For the 1942 film starring Eddie Albert and William Frawley, see Treat 'Em Rough.

Treat 'Em Rough is a 1919 American silent Western film starring Tom Mix and directed by Lynn Reynolds, who also wrote the screenplay based upon a novel by Charles Alden Seltzer. The supporting cast includes Jane Novak and Val Paul. The picture was filmed in Prescott, Arizona. Mix plays a gunfighter who is hired to stop a gang of cattle rustlers. Mix's stunt work in this film was so impressive that a Variety reviewer suggested that trick photography was involved.

==Plot==
As described in a film publication, daredevil cowboy Ned Ferguson is hired by John Stafford to stop the cattle rustling plaguing his ranch. On the way to the ranch Ned is bitten by a rattlesnake and is nursed by Mary Radford, who is writing a western novel.

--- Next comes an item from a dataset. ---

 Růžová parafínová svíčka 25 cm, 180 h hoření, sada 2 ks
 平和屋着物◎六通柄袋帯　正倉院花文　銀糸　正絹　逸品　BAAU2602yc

Ranch foreman Dave Leviatt tells Ned that Mary's brother Ben is behind the rustling. After Ben and Ned come to an understanding, Dave shoots Ben from undercover, and Ben is sure that Ned double-crossed him. Mary will have nothing to do with Ned, even after Ned saves her life during a cattle stampede. Ned finally runs down the rustlers, and Mary sees him as a hero instead of merely putting him in her novel.

==Cast==
- Tom Mix as Ned Ferguson
- Jane Novak as Mary Radford
- Val Paul as Ben Radford
- Charles Le Moyne as Dave Leviatt
- Jack Curtis as John Stafford

==Preservation==
The film was preserved at the George Eastman House in 2008 through a federal grant from the National Film Preservation Foundation.